* BRIEF
Set down each entry below exactly as written, keeping the pictures out.

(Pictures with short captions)
::::::::::

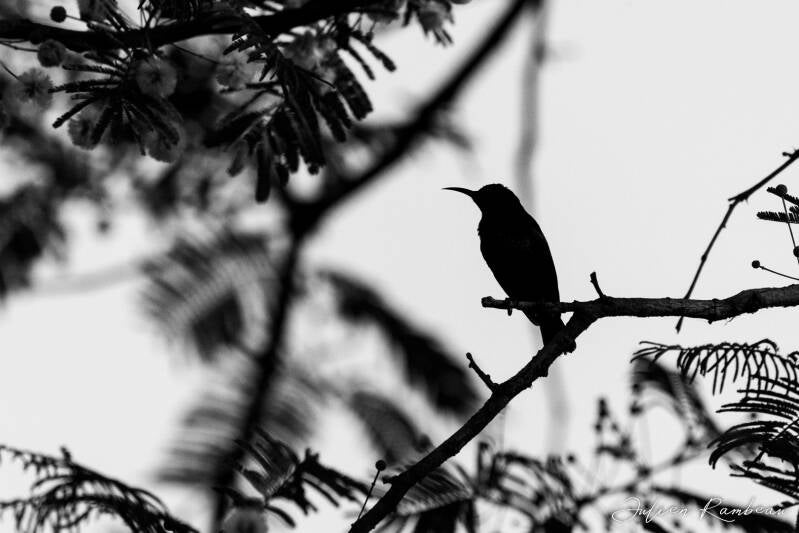 julien-rambeau-silhouette-senegal-14-standard-79cnh4.jpg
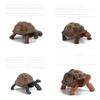 Figurine Statique Modèle Tortue Terrestre en PVC pour Enfants avec Design Réaliste pour Collectionneurs et Enfants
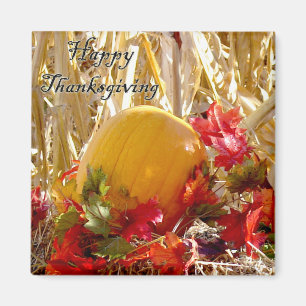 Vereinbart im Rot Magnet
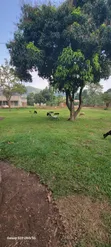 Land for Sale in Luwero - 3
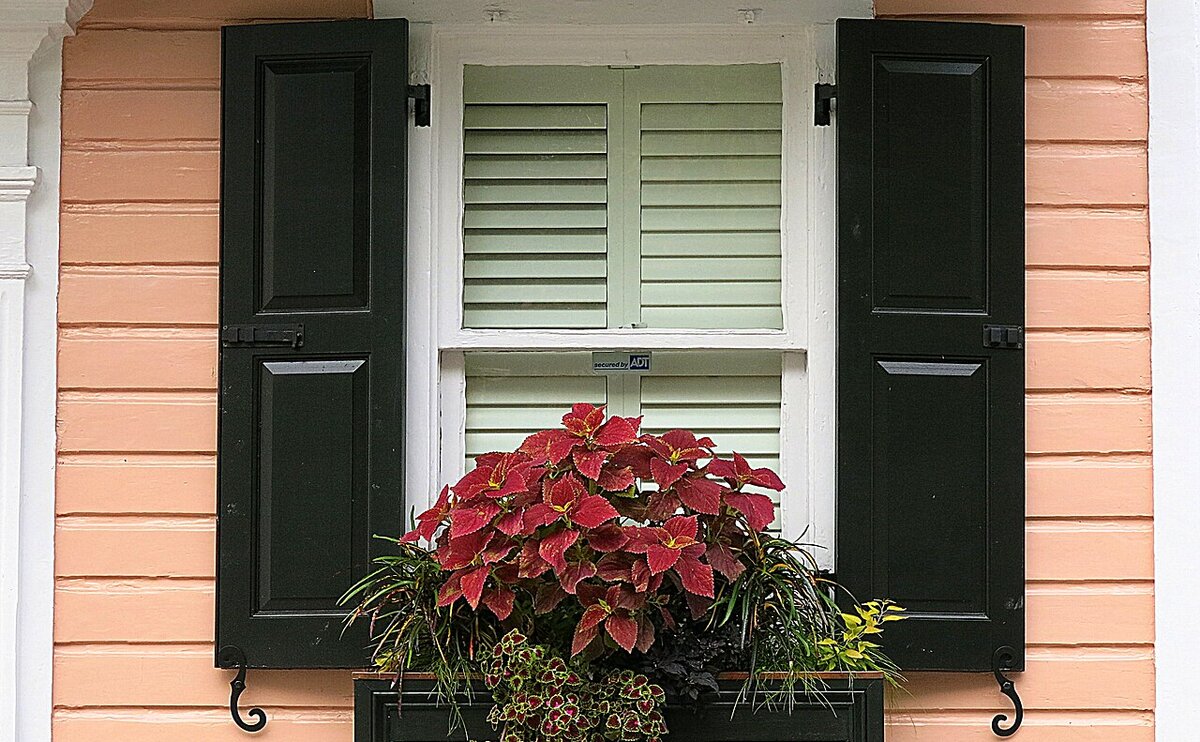 Window Boxes That Add Curb Appeal Safely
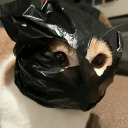 avatar x لօҽī 📼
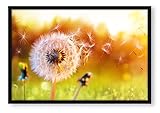 Pixxprint Nahaufnahme Pusteblume Sonnenuntergang, Poster im Bilderrahmen, Format: 38x30cm, Kunstdruck gerahmt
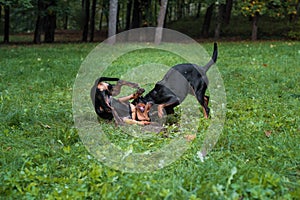 Lithuanian Hound Dogs Playng on the grass.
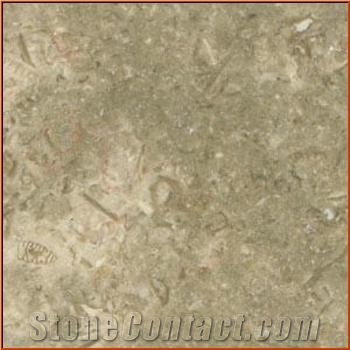 Jerusalem Gray Limestone Slabs & Tiles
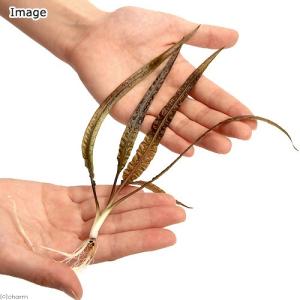 (水草)クリプトコリネ バランサエ(水中葉)(...の詳細画像1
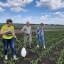 О мониторинге посевов сельскохозяйственных культур в Лысогорском и Калининском районах Саратовской области 1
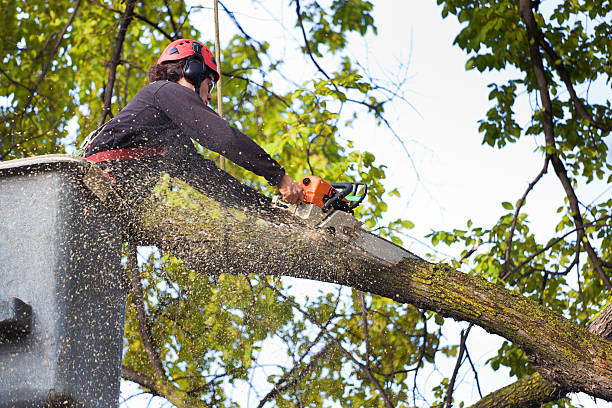 Best Aeration Services  in Central, SC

::::::::::

* REPLY TO THE EXERCISE
 julien-rambeau-silhouette-senegal-14-standard-79cnh4.jpg
 Figurine Statique Modèle Tortue Terrestre en PVC pour Enfants avec Design Réaliste pour Collectionneurs et Enfants
 Vereinbart im Rot Magnet
 Land for Sale in Luwero - 3
 Window Boxes That Add Curb Appeal Safely
 avatar x لօҽī 📼
 Pixxprint Nahaufnahme Pusteblume Sonnenuntergang, Poster im Bilderrahmen, Format: 38x30cm, Kunstdruck gerahmt
 Lithuanian Hound Dogs Playng on the grass.
 Jerusalem Gray Limestone Slabs & Tiles
 (水草)クリプトコリネ バランサエ(水中葉)(...の詳細画像1
 О мониторинге посевов сельскохозяйственных культур в Лысогорском и Калининском районах Саратовской области 1
 Best Aeration Services  in Central, SC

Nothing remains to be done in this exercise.